Amid danger of being accidentally killed by oncoming vehicles or falling in gutters, inhabitants of the Northwest Region of Cameroon have engaged in frenzy occasioned by the lure of “Mungwin”, a light-chasing green seasonal grasshopper that has over time served as supplement and flavour to most of their diets.
To this effect, locals there are making amazing treasures out of green grasshoppers. The hopping insect known in local parlance as “mungwin” has become either supplementary or indispensable as it forms partof or whole meals.
Green grasshoppers are flying insects that set in during October and disappear by December. Their naturally green colour turns brown when cooked for eating. The hunting of this insect is common in localities like Bali, Bamenda Bambili, Bambui, Babanki and Chomba. For people who cherish eating green grasshoppers, they eat them in varied forms in various combinations such as mungwin/corn fufu, mungwin/bread, mungwin/sweet-yams, mungwin/fried-plantain, mungwin/cocoyams.
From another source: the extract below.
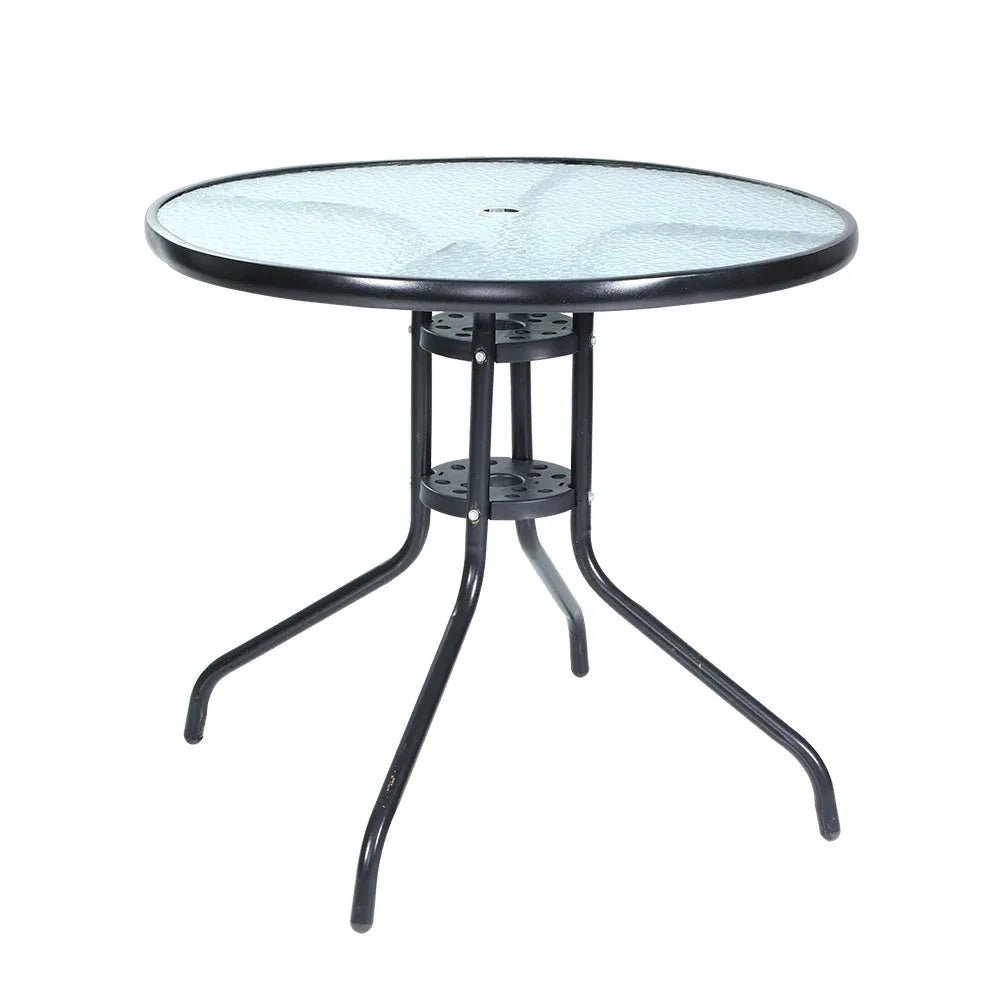 Outdoor Tables & Benches - Mekamart Australia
In some cases, others eat green grasshoppers exclusively without necessarily combining with other foods. Divine Foy, is a constable who works with a telecommunication company. He expressed that “During mungwin season, I eat mungwin at least twice a week in place of roast cow meat. Mungwin has its season which if you miss eating it, you have missed but other forms of meat would always be available. I like it because it is delicious and I know that it has nutritional benefits even if I don’t know the specific nutrients it contains.”
In the opinion of Robert Munga, retired civil servant, mungwin has no bones and it is easy to chew “I like eating green grasshoppers because it is very easy to chew. The insect tastes so good and has a lot of natural oil even though it is not cooked with oil. I see it like meat without bones. I don’t really consider eating it as food but I just consume it as a chewable. I cannot deny eating it because I have seen other people enjoying it.”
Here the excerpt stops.